Work task :: Print each line below verbatim, skipping every picture.

Records for processing ::
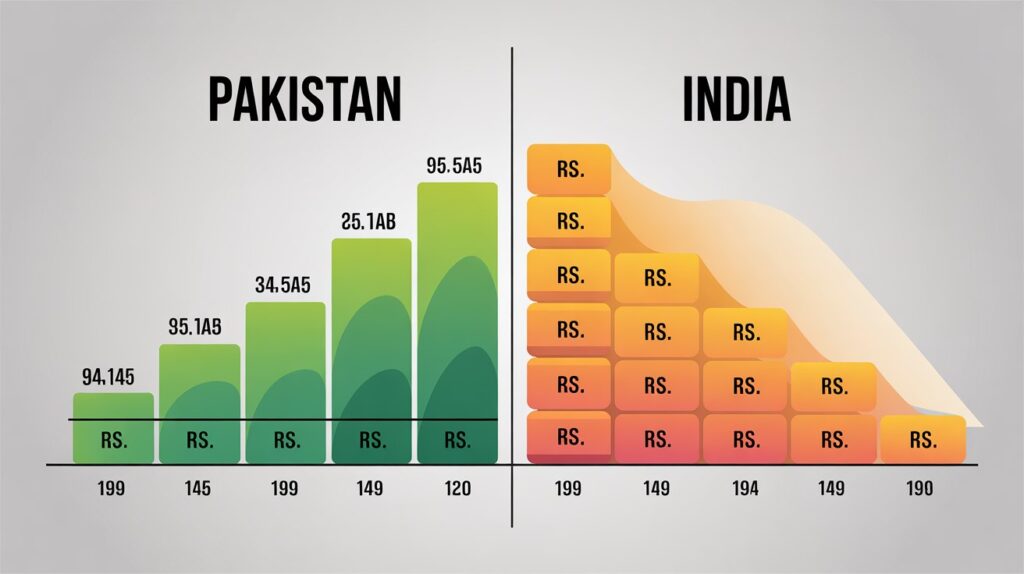 FBR vs Indian Income Tax Act 1961 – A Comparative Overview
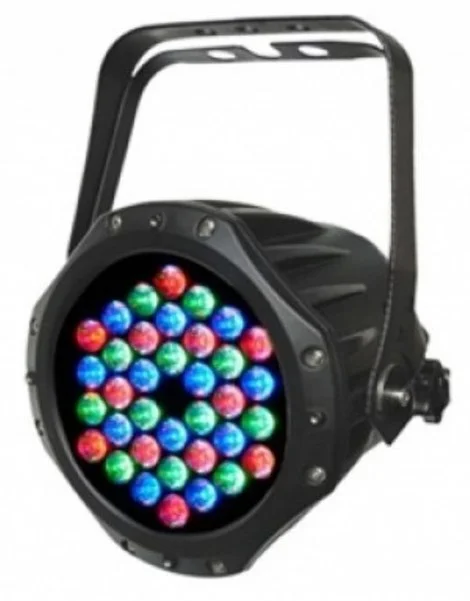 Eclips IP LED PRO 136 Led Par Spot 36X1W, Outdoor, Ip65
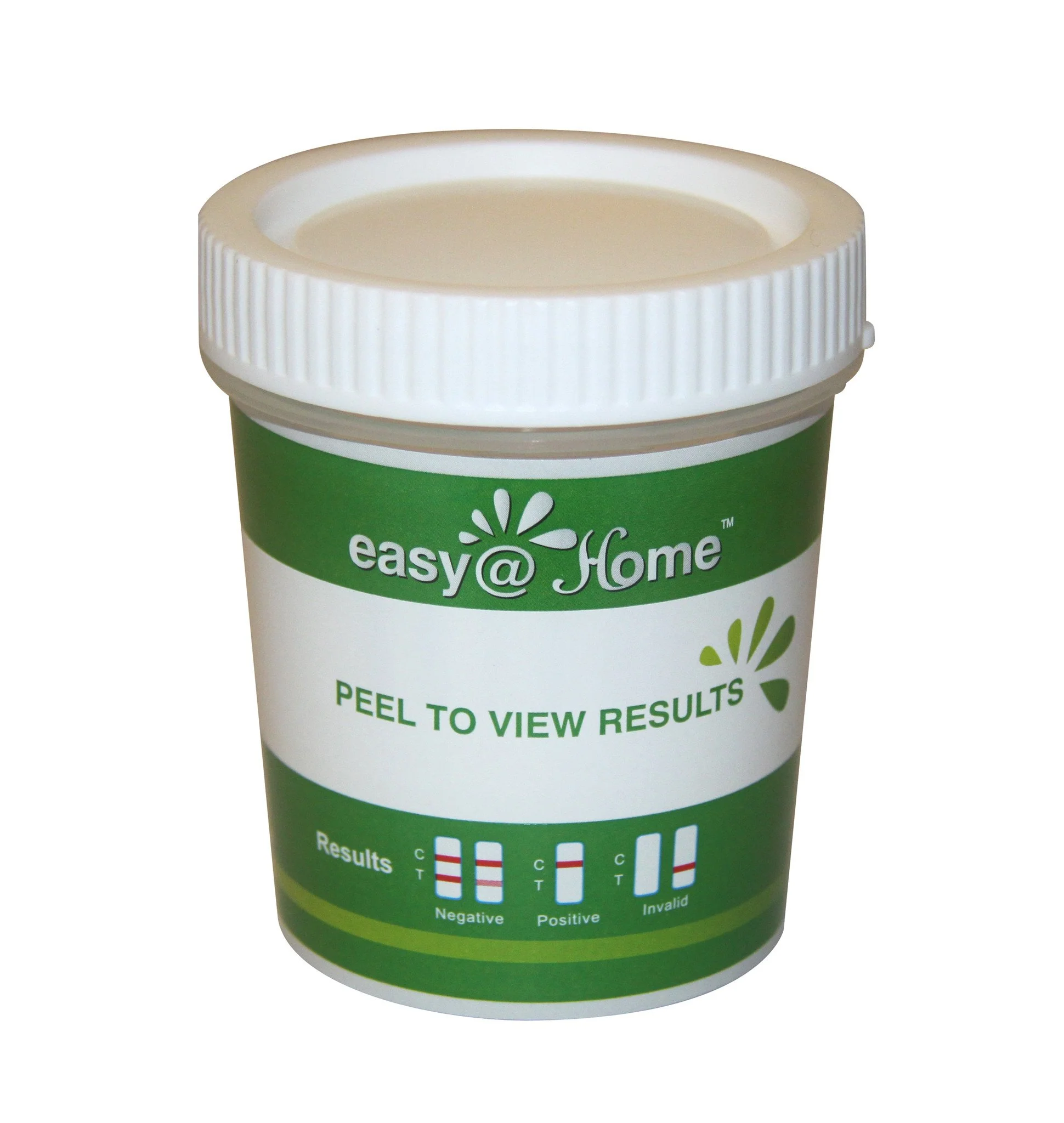 Easy@Home 12 Panel Urine Drug Test Cups #ECDOA-6125B - Image 3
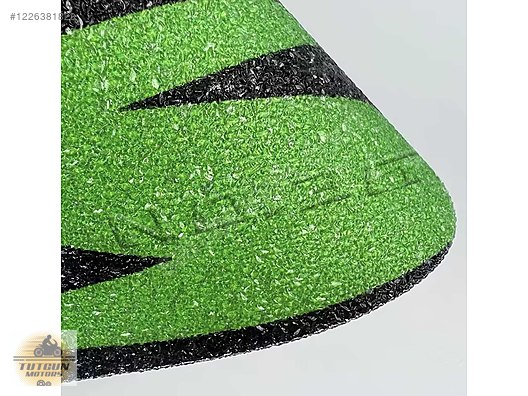 Gear Wheel / Kawasaki zx4rr Tank Pad zx4 rr 40. Yıl Tank pad zx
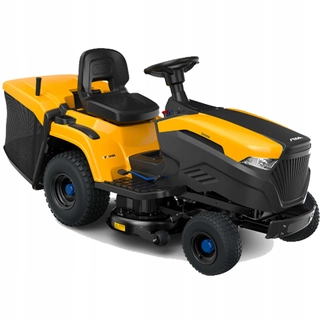 Traktorová kosačka - Akumulátorová záhradná traktorová kosačka STIGA ESTATE 384E 3kW 240l 84cm
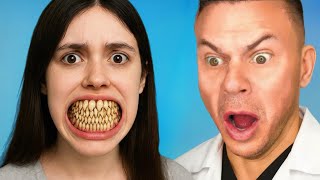 Watching CURSED Dental Videos So You Don’t Have To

Result of this exercise ::
 FBR vs Indian Income Tax Act 1961 – A Comparative Overview
 Eclips IP LED PRO 136 Led Par Spot 36X1W, Outdoor, Ip65
 Easy@Home 12 Panel Urine Drug Test Cups #ECDOA-6125B - Image 3
 Gear Wheel / Kawasaki zx4rr Tank Pad zx4 rr 40. Yıl Tank pad zx
 Traktorová kosačka - Akumulátorová záhradná traktorová kosačka STIGA ESTATE 384E 3kW 240l 84cm
 Watching CURSED Dental Videos So You Don’t Have To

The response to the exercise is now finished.